Raytracing
The concept
simple raytracing
With ray tracing we follow paths, originating from a camera, going through an image plane (aka the pixels) until we hit an object in our 3D scene. If we hit something we can save that information in a pixel on the image plane and construct an image this way. This information is the alpha, the transparency of the pixel. If we didn't hit anything we consider the pixel to be transparent or whatever we define as a background color. We can also return the color that was specified in the objects material.
However, just a color and a transparency value isn't particularly impressive to look at. To get more information like shading, shadows or reflections out of our 3D scene we need cast more specialized rays. But instead of originating from the camera, those rays start where the previous ones ended - where we hit the object.
Taking it further: primaray and secondary rays
simple raytracing
To determine if our current sample is being lit by a light source or lies in shadow we need to shoot shadow rays towards the light source. So for each hit point in our scene we shoot a ray towards the light. If we hit something we know that there must be an object in the way and that our sample is in shadow, if we don't hit something the sample is being lit by the light source. We may even have to do this multiple times in case of a light source that is not just a point - like an area light. This will then result in soft shadows depending on how much of the light is obstructed.
Most of the time we also have more than one light source in the scene so we need to repeat the process for each and every light source which can, of course, add up to a considerable amount of rays, just for one single pixel in the image.
But this, again, is only the beginning. There are other rays we can shoot for different additional effects like reflection, refraction, translucency, and sub-surface scattering. The basic principle stays the same. We usually refer to the first rays (the red ones) as primary rays (or camera/eye rays) and all the subsequent types as secondary rays (shadow, reflection, etc). See the reading list below for more examples.
Secondary rays may also send out additional rays to determine the color to return. Think of a reflection ray that hits another object. You basically have to do the same thing as you did starting from the camera to determine what the reflection acutally looks like.

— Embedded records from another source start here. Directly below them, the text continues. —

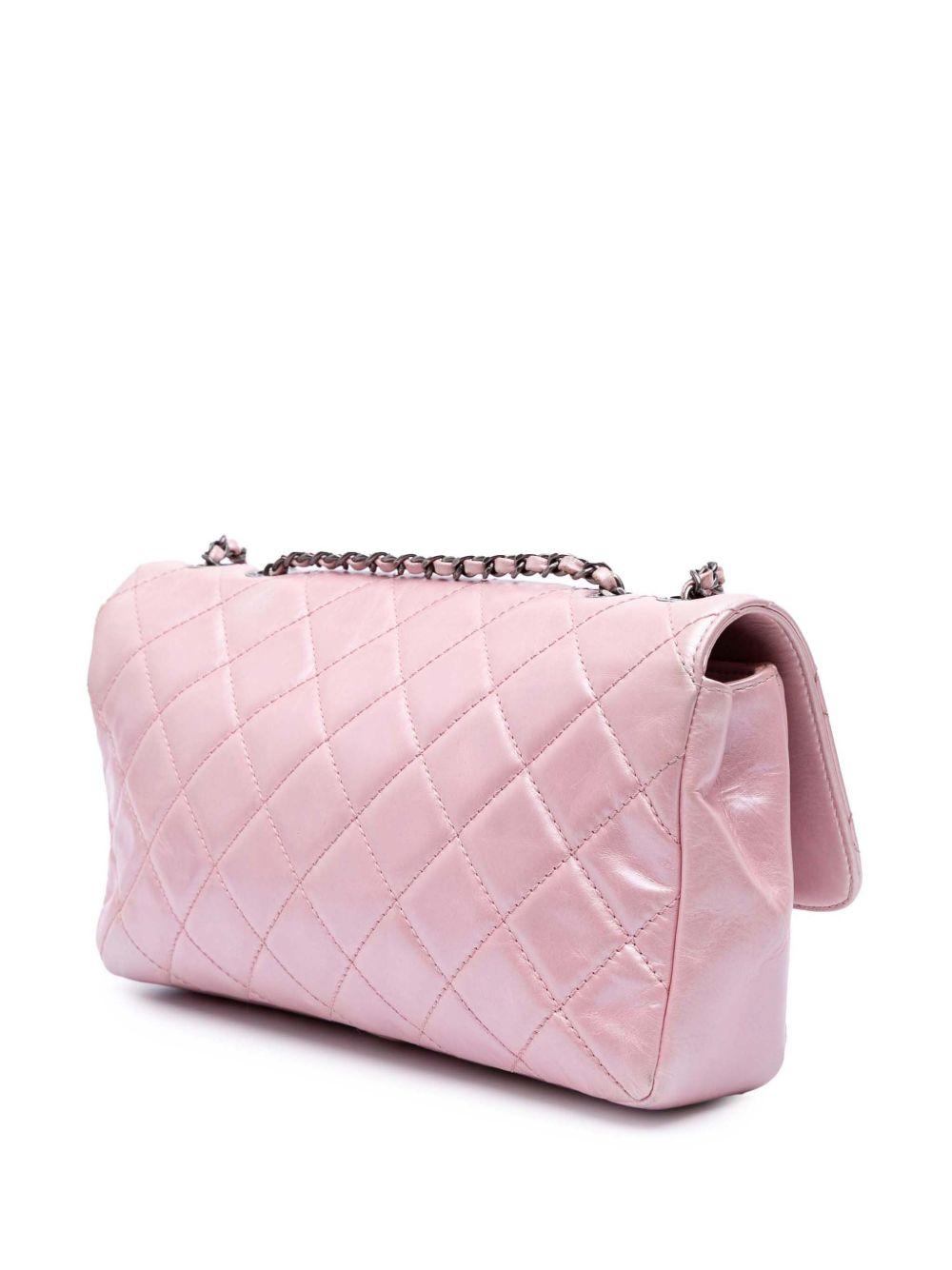 2016-2017 Medium CC Quilted Metallic Calfskin Coco Pleats Flap crossbody bag Product Image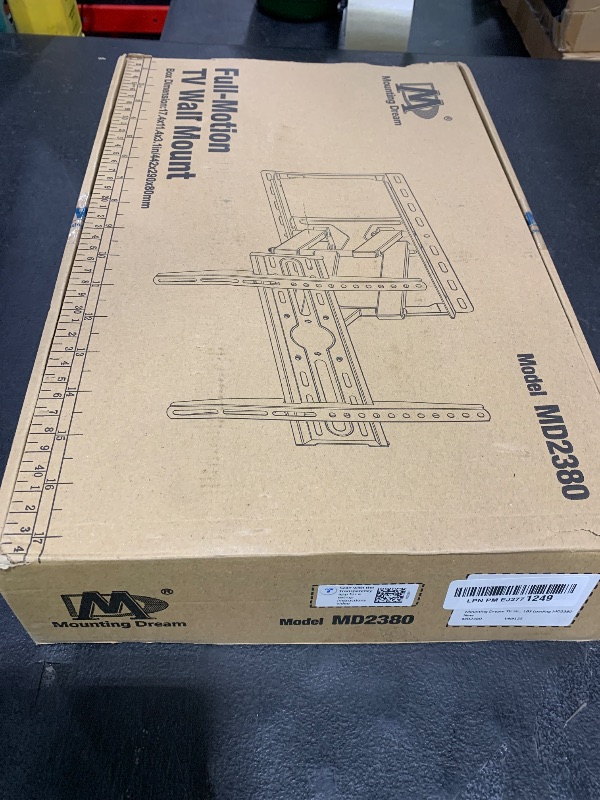 Photo 1 of Mounting Dream TV Wall Mount for 32-65 Inch Television,Mount with Swivel and Tilt, Full Motion Bracket with Articulating Dual Arms, Fits 16inch Studs, Max VESA 400X400 mm, 99lbs, MD2380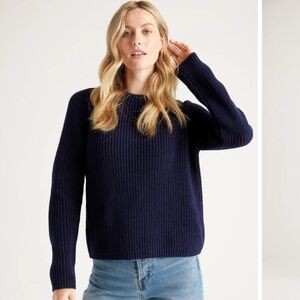 Like new✨ Quince Organic Cotton Fisherman Sweater / Jenni Kayne Dupe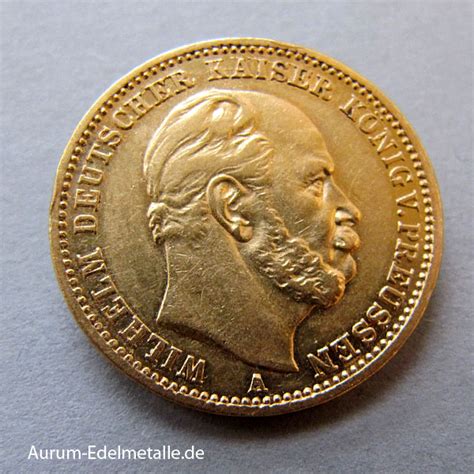 Deutsches Reich Mark Gold Wilhelm Preussen Aurum Goldshop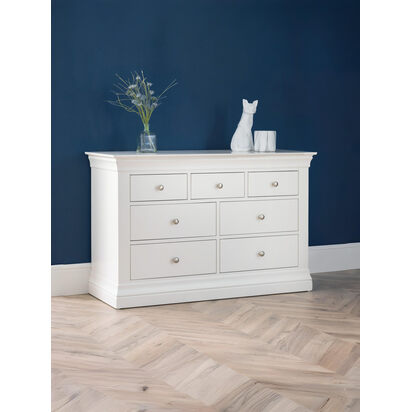 Clermont 4+3 Drawer Chest - Surf White
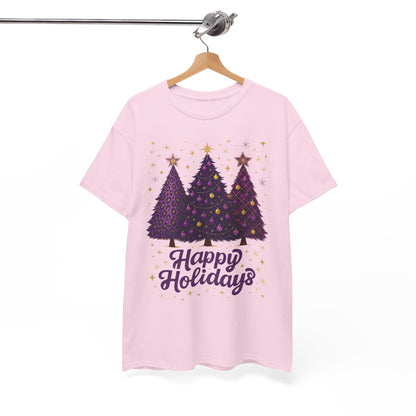 Christmas Tree Unisex Tee - Happy Holidays Design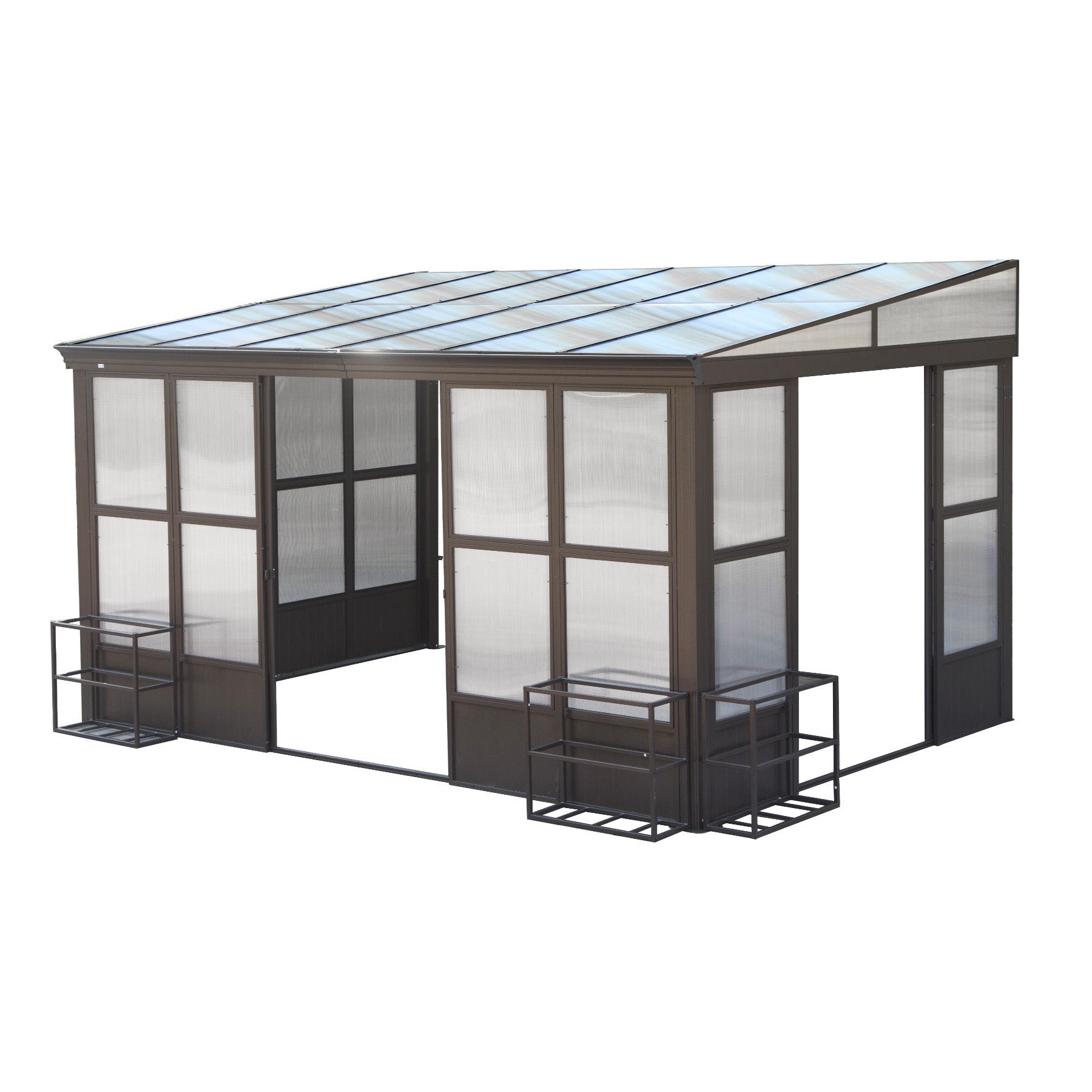 10x12FT All Season Aluminum Sunroom with Detachable Windows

As discussed in the "sampling" chapter, the amount of samples we collect is crucial for the amount of noise (or smoothness) of the result. This not only applies to the primary but also to the secondary rays. If, for example, an area light is used in our scene, we need more shadow rays to get clean and smooth shadows. If we only shoot one shadow ray per pixel we get a very noisy and unrealistic result. We want to shoot several shadow rays towards the area light to get information about how much of the light is actually obstructed. So the same principle as discussed in "sampling" applies here as well.